> How to complete this task
Repeat the records below exactly, leaving out any pictures.

> Provided data
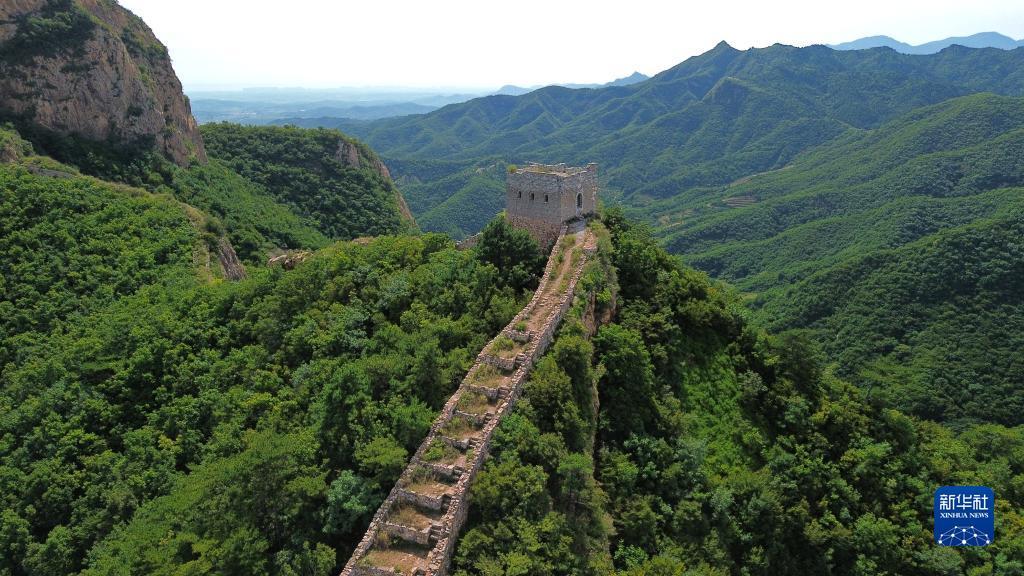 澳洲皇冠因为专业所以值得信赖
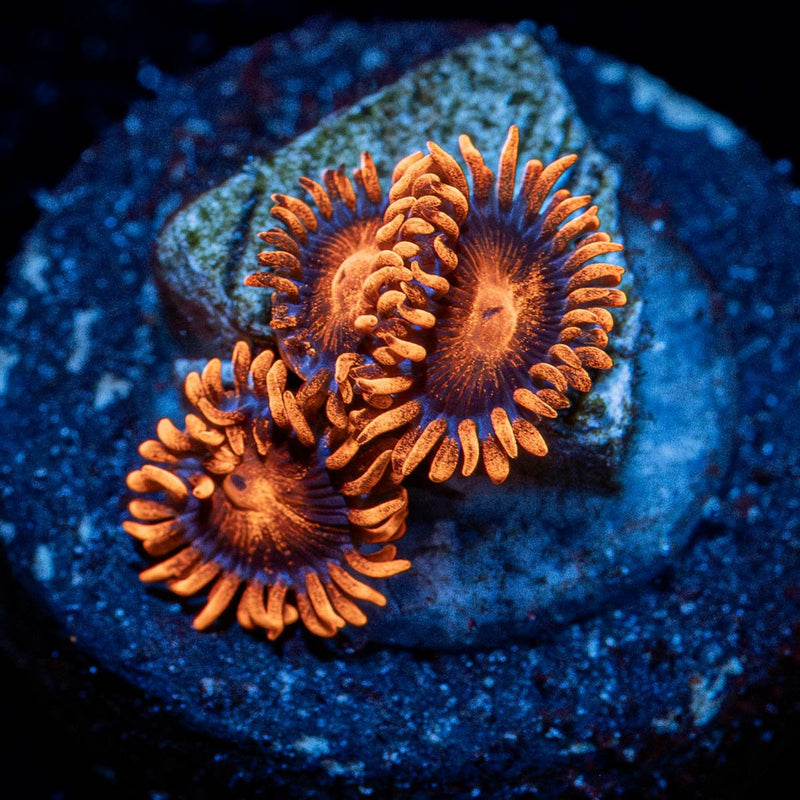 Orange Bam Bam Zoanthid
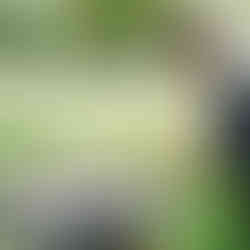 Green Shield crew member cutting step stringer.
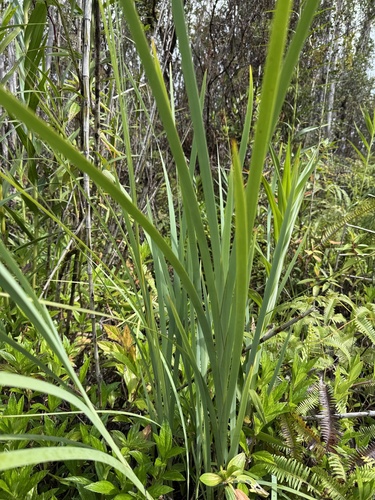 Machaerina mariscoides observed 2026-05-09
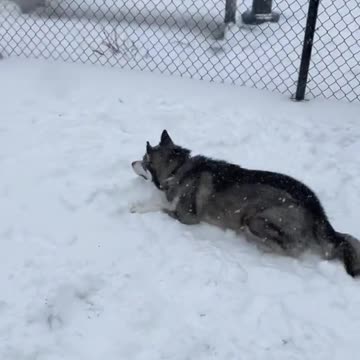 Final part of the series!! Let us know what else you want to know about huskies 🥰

> Written answer
 澳洲皇冠因为专业所以值得信赖
 Orange Bam Bam Zoanthid
 Green Shield crew member cutting step stringer.
 Machaerina mariscoides observed 2026-05-09
 Final part of the series!! Let us know what else you want to know about huskies 🥰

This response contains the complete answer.